自然に学ぶ研究事例
第41回 最終回 | 光合成に学ぶエネルギー生産 |
デンドリマーは、樹状サンゴのように枝分かれをくり返して球状に広がっていく分子。デンドリマーにフラーレンを結合して成長させていくことで、フラーレンの3次元組織化を図った。写真は原子間力顕微鏡で撮影。左上から下に、フラーレン1個、2個、右上から下に、4個、8個、16個が、1個のデンドリマーにそれぞれ結合している。フラーレン同士が近づくことによって、電極への電子の輸送効率が高まることが確認された。
クリーンエネルギーの旗手として、期待が集まる太陽光発電。現在は、シリコンなどの無機系太陽電池がおもに使われていますが、コストやシリコン資源の制約などから、色素増感型やバルクヘテロ接合型と呼ばれる有機太陽電池の実用化が切望されています。ところが、そのエネルギー変換効率は、最大でもシリコン系の半分以下。光合成に学び、エネルギー変換効率を大幅に上げる革新的な技術を確立しようと、さまざまな挑戦が始まっています。
植物はクロロフィルという色素によって光を集め、放出した電子を別のクロロフィルや有機分子(アクセプター)に次々とリレーのように渡していくことで、光のエネルギーを化学エネルギーへと変換しています。

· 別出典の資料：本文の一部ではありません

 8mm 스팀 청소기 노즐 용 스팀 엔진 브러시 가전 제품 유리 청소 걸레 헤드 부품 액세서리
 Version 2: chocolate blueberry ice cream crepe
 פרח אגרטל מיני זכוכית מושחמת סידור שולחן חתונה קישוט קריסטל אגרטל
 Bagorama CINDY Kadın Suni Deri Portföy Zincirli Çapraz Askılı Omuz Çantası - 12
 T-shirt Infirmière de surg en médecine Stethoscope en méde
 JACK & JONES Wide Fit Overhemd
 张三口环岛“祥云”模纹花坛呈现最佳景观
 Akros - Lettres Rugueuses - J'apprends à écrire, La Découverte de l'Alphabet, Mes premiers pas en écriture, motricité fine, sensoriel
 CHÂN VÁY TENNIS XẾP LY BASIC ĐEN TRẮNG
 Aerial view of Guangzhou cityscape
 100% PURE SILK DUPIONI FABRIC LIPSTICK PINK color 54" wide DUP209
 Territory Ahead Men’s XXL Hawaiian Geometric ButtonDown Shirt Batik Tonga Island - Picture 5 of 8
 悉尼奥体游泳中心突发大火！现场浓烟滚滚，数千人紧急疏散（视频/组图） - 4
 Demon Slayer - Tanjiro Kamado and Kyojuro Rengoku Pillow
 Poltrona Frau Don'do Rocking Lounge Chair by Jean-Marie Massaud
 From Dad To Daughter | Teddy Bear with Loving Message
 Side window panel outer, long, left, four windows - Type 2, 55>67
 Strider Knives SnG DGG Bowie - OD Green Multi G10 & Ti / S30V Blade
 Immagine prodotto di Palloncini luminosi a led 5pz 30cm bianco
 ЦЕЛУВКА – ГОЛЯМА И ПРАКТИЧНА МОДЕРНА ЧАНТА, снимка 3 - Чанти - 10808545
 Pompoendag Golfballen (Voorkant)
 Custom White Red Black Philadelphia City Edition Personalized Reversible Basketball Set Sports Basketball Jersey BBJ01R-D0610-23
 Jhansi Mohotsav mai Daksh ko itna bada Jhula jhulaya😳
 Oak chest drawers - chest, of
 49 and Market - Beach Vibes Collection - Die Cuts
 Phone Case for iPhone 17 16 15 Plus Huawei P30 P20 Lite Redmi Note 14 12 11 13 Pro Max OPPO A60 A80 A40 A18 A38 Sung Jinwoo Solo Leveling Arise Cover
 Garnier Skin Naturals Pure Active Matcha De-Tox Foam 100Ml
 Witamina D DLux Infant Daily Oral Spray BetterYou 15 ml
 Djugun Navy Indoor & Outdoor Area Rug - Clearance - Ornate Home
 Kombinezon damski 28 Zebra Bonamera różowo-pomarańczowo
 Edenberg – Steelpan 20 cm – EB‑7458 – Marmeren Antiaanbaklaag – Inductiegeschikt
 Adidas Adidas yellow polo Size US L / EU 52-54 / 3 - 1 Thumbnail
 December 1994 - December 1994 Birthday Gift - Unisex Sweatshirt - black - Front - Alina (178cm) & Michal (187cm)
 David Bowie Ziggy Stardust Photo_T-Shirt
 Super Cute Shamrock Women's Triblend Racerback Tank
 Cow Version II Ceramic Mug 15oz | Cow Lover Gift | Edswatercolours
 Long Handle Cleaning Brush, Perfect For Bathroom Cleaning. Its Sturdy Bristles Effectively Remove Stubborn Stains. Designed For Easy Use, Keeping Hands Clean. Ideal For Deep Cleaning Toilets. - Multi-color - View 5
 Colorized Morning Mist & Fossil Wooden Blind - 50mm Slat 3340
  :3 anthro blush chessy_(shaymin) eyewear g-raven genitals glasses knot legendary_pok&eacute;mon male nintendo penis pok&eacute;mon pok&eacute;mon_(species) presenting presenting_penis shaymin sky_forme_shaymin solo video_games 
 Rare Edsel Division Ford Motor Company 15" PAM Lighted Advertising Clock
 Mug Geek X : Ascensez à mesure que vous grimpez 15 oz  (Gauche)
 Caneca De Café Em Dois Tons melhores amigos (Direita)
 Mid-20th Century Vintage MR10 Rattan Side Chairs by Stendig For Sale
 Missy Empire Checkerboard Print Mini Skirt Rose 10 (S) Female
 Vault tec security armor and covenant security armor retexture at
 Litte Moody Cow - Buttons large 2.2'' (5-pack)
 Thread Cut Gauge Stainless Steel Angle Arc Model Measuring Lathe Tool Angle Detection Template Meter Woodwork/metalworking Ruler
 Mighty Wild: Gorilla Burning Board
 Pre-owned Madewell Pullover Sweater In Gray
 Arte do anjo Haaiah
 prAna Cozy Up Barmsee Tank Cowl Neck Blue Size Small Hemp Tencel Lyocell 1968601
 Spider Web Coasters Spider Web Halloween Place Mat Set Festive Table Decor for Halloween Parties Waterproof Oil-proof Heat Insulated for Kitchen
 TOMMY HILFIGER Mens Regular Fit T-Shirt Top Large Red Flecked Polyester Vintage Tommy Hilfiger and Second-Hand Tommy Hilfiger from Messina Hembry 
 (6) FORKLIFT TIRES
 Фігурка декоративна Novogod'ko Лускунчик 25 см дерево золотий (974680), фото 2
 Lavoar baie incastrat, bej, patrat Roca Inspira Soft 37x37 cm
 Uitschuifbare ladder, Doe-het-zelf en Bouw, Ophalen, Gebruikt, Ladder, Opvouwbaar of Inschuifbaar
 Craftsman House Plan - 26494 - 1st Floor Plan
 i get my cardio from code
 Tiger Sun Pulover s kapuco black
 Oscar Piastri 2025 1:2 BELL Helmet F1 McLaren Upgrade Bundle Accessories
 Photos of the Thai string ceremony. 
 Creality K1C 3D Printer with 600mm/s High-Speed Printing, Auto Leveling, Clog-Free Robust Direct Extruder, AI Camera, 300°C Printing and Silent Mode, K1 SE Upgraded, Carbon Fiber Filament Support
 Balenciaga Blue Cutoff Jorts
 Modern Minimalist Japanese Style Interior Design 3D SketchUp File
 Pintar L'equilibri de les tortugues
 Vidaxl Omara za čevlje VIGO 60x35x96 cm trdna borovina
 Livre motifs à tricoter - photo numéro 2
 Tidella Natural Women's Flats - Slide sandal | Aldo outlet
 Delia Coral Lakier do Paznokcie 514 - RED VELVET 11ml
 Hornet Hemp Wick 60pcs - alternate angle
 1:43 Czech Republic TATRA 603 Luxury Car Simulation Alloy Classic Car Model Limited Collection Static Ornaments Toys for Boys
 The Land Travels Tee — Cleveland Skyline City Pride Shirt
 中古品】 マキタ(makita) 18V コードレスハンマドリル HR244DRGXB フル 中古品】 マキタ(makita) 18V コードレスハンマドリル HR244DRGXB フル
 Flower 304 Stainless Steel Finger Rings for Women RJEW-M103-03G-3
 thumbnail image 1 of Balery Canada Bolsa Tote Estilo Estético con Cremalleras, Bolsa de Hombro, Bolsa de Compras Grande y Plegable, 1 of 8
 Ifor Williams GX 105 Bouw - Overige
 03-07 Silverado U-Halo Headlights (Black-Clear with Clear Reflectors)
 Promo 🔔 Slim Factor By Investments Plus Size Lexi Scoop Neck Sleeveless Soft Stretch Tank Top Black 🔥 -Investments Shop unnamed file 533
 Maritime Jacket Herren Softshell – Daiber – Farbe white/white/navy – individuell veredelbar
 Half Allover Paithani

この仕組みをまねた人工光合成としては、クロロフィルと同じ働きをするポルフィリンという色素を利用する方法が、これまでに研究されてきました。
近年、ユニークな例として注目を浴びたのは、ポルフィリンと組み合わせて、電子を受け取って電極に送るためのアクセプターとしてフラーレンを使うというものです。フラーレンは、炭素原子がサッカーボールのような形に結合したもので、電子を受け取りやすい性質があります。ポルフィリンとフラーレンを連結させた分子を合成して光を当てると、ポルフィリン上で電子が放出され、フラーレンに引き寄せられることが確認できました。そして、デンドリマーという樹状分子を利用して、フラーレンの分子配列を3次元的に制御することで、電子の輸送効率が大きくアップすることも実証されています。
さらに、新しい機能性分子の設計、電極上での膜構造の制御など、多様なアプローチにより高効率で低コストな人工光合成システムの開発が進められているのです。これらの研究は、新しいタイプの太陽電池を生み出すだけでなく、極薄型の有機トランジスタなど、電子機器の小型化・高性能化にも大きく貢献するに違いありません。